I wanted to play guitar but i could not find a teacher and i really suck when it comes to trying to teach myself something.

Once i found a guitar teacher, and my friends learned that i was learning guitar they stated they always wanted to play.

I realized that ALOT of people want to play the guitar, but they do not know where to look for a guitar teacher except for the expensive ones at Sam Ash or Guitar Center. If you were to go to a high-school and put out some flyers for your service, or post on something like Craig's list, you should more than enough students to fill your time.
Well few things make you good...

To be a good teacher in anything you have to be good at what you do. The step after that is you have to be a good teacher. The skills required for that are as follows, ability to commicate what you are talking about so the person understands it, the ability to sit there and not get frustrated with the student, a good nice additude, the ability to teach EVERYTHING the student should know. In your chase you would have to know and know well basicly music theory and all the stuff that goes along with being able to play the guitar.

Another thing to note is never have your rates super low, you will wanna find out the prices of everyone else that is teaching and find a middle ground in there. Do not be the person has to be paid the most, but don't be the person who has to be paid the least. Find a middle ground. The reason for this is if you offer very low rates people will doubt your skill, and you don't want that. The price your asking you need to BELIEVE that your worth it or no one will wanna stay because they think that perhaps you arnt a very good teacher. So as I said get info on how much everyone else is charing per hour, and you wanna find something some where in the middle of that.

Avertising is gonna be the hard part, you could put out add in the yellow pages, and in the news paper. Be sure to include what you teach, your expierance, and your prices. Also its a good idea to figure out how every else is advertising. I know some teachers advertise at guitar shops and stuff like that so go around to all of them and ask if they have a bulliten board just for that type of stuff.

This is something I have came across alot with people who teach other people is. Know what your customer wants. Basicly if your planning on living off of this you will probably have to give in to teaching the person anything they want, sorta runs that way with anything. But you should stress the importance of the basic's and music theroy. You need to sit down with them and explain what your teaching to them and why, as well as know what their goals are and what type of music they wanna play.
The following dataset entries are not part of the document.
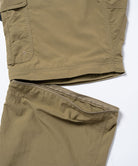 Back view close-up of khaki Gramicci Convertible Cargo Pants highlighting the zip off pant leg on a light-tone background.
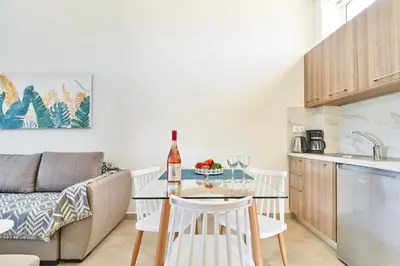 a kitchen and living room with a table with a bottle of wine at Bella Apartment in Kissamos
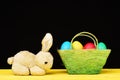 Easter bunny and green basket with colourful painted eggs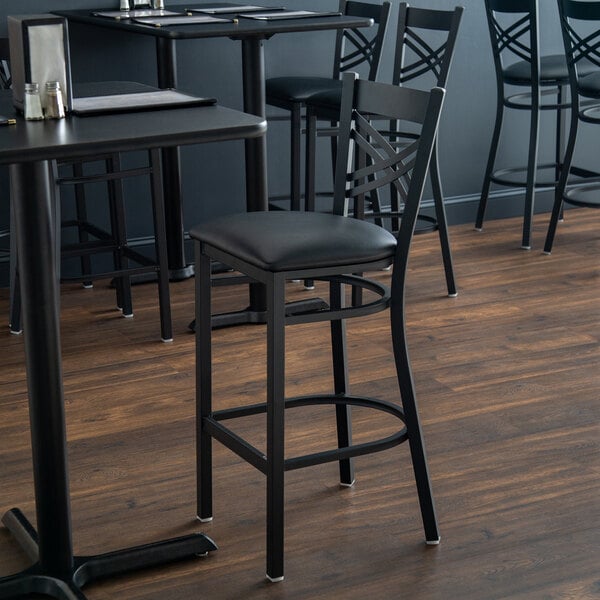 Lancaster Table & Seating Black Finish Cross Back Bar Stool with 2 1/2" Black Vinyl Padded Seat - Detached Seat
Be sure not to sit here and just teach stuff you like.

These are alot of basic stuff to sit here and consider when teaching some one, probably a good idea to come up with lesson plans for it and a general idea how your gonna teach. But communication is a big step here and than reputation is what will carry you higher. But it will take a while to build up.

Hope maybe you find some useful information outa that.
I have been teaching guitar, bass, and saxophone in Exeter, NH for about ten years. I work out of a music store and they get me a good percentage of my students. I also have a very noticeable online presence. I work six days a week and my schedule is relatively full. I make a very modest living. Most students are not concerned with the ability of their instructor. They are more concerned with finding the right time slot as their schedule allows. In other words, having a good reputation is important, but it doesn't guarantee that you will stay booked solid all the time.